Since the beginning of both nations’ relationship there has been a notion that the U.S. is Puerto Rico’s financial benefactor, with a large portion of the population believing that the island couldn’t survive by itself. It has been a wrong concept, based on ignorance, omission, and false propaganda regarding both parts’ commercial relationship.
“We always see in the newspapers, items about federal grants, but they never mention the earnings the U.S. extracts from Puerto Rico,” said Jesús Omar Rivera, an island political commentator better known as “Boricuazo,” on one of his television presentations. “It hurts me, it pains me when boricuas (a moniker for Puerto Ricans) say that we couldn´t live without those grants. Colonies are for extracting profit. This is business and we are one the best clients for the U.S.”
Rivera’s statements were supported by Dr. Rosario Rivera, a local economist and university professor. Using data from the government’s Planning Board and Banco Gubernamental de Fomento de Puerto Rico, she selected 2013 to show a federal grants yearly average received in Puerto Rico: $4.6 billion. This is the approximate amount that generally receives the most publicity among the local population.
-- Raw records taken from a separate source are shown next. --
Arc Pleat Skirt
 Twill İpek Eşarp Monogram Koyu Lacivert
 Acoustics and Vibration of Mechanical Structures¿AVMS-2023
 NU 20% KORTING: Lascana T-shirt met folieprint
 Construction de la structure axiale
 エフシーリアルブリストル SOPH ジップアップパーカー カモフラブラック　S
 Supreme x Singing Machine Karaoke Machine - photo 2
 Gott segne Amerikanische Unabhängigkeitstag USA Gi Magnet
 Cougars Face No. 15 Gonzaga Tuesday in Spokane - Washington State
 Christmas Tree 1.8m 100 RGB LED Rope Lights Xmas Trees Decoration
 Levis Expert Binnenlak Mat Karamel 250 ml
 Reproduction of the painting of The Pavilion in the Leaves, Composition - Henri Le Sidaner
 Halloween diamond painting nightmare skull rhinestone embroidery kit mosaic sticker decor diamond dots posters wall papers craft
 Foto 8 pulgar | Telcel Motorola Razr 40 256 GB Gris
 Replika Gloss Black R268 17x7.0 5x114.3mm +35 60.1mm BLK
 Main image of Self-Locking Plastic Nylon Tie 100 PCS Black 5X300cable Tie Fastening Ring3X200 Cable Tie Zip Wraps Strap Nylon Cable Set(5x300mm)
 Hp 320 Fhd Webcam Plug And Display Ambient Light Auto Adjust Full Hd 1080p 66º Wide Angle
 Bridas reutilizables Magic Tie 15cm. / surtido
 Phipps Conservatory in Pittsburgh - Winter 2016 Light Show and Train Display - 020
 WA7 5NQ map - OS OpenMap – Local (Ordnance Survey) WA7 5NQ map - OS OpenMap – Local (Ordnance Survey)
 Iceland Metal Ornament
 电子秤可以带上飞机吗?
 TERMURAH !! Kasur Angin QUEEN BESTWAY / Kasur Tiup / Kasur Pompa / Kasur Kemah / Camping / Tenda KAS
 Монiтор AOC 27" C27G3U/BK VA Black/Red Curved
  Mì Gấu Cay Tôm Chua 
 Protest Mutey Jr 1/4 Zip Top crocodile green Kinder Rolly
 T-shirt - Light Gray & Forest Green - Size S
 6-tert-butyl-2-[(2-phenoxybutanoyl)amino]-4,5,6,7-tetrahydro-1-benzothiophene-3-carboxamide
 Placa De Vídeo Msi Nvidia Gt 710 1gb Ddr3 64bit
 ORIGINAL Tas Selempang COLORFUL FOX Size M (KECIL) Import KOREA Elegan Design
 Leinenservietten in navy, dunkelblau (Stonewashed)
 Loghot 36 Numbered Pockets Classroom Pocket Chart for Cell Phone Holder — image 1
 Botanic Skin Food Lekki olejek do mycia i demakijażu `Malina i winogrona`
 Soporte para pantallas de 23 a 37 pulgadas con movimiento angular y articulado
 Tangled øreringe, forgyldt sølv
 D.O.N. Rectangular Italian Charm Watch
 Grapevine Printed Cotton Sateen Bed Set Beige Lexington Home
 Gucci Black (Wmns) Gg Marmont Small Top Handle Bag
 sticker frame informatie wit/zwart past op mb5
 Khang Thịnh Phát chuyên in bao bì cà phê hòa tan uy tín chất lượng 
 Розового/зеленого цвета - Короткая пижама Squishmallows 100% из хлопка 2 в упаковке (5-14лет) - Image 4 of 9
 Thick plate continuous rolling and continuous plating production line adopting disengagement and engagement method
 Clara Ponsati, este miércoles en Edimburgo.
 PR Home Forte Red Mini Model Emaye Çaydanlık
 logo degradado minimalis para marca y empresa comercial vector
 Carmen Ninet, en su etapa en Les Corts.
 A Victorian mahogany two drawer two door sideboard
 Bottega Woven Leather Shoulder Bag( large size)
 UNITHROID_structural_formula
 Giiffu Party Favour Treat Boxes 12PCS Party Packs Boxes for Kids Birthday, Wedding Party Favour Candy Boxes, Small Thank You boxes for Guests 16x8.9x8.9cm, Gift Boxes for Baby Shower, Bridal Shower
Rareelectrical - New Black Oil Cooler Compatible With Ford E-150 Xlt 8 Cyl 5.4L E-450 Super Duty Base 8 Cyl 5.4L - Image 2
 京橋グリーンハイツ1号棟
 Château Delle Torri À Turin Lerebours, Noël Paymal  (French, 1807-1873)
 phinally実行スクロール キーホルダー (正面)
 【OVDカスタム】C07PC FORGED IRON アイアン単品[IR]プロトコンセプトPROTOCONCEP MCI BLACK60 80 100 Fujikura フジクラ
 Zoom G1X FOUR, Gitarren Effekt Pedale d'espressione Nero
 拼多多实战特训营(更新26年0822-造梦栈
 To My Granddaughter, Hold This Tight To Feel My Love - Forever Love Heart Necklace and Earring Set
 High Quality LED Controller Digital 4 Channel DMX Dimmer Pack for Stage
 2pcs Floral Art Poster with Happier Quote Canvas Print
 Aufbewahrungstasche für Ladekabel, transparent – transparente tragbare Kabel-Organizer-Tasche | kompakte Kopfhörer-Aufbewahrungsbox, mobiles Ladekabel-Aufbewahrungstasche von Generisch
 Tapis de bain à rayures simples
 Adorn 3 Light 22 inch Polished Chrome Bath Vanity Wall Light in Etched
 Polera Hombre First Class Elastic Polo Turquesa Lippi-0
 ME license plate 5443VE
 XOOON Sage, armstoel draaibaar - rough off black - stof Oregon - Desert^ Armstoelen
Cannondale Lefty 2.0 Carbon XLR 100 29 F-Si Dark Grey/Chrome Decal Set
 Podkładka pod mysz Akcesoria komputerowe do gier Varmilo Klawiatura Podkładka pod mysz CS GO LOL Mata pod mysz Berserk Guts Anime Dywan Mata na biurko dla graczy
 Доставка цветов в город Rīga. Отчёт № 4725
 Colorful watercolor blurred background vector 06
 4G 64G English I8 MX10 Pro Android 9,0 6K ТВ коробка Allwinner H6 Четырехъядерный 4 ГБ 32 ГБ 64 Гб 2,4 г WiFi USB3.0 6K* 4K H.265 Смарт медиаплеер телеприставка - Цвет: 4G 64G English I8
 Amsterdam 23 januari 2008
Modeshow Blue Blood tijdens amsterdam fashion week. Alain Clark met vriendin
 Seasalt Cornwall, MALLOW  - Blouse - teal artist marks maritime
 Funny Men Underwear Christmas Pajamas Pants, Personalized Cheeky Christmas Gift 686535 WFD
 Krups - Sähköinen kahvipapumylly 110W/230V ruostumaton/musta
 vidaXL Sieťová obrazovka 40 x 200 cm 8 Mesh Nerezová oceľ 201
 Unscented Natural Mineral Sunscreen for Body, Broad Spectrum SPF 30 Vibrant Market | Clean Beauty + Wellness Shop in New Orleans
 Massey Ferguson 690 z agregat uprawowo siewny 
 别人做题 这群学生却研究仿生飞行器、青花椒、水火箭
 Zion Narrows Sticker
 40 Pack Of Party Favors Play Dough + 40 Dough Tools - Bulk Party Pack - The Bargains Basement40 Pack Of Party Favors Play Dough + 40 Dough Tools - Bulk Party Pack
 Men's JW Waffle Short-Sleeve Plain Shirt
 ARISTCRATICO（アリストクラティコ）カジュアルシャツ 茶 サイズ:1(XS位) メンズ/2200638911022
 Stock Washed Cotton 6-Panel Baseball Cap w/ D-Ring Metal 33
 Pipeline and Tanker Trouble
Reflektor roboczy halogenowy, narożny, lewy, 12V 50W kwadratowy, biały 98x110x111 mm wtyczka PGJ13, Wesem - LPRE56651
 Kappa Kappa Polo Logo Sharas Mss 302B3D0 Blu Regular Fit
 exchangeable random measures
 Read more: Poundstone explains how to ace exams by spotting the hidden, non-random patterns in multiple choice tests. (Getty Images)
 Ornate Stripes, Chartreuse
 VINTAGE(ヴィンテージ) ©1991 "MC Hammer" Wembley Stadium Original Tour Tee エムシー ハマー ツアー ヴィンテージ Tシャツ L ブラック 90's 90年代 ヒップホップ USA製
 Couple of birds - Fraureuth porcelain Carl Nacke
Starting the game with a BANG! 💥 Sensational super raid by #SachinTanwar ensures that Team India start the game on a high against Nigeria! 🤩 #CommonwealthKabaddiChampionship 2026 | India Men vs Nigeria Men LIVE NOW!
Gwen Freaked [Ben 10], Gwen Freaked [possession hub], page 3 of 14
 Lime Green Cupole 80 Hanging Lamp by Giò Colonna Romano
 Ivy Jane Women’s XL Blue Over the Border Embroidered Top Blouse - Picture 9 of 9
However, the “transferencias otorgadas” — the taxes Puerto Rico pays back to the U.S. Treasury– amount to some $8.9 billion. Add to that another $22.6 billion paid for consumer products imports, plus $34 billion from the island’s U.S.-based merchants (mainly from huge “megastores”) and we see a deep disparity between the amounts the island receives versus those paid. These don´t include the financial effects of Merchant Marine Act of 1917, which forces Puerto Rico to use exclusively the U.S. Merchant Marine, the world’s most expensive, for all its commercial traffic. This other payment of $1.5 billion ends up costing $2,000 annually to each Puerto Rican family. All in all, the U.S. earnings in Puerto Rico amount to some $71.6 billion yearly.
“The information is there, but one has to know which tables to look for. The problem is that the information is there, but it doesn’t say how to search, how the citizen can benefit from it”, summed up Dr. Rivera.
The preceding points are only a few of those that support Trías Monge’s stance when he said: “Today, the island is even farther from self-governance than it was in 1953.”
On a commentary to BBC News titled “Why do some consider Puerto Rico as the world’s oldest colony?” Dr. Javier Hernández Acosta, director of the Business Administration Department at Puerto Rico’s Sagrado Corazón University says: “The signing of the ELA constitution has been one of the most fascinating magic acts in history. On July 24, 1952 there was a colony recognized by the UNO, and next day disappeared and turned into a free associated state that to this day nobody knows for sure what type of (political-legal) figure it is.”
Wallice J. de la Vega is a freelance journalist based in Puerto Rico.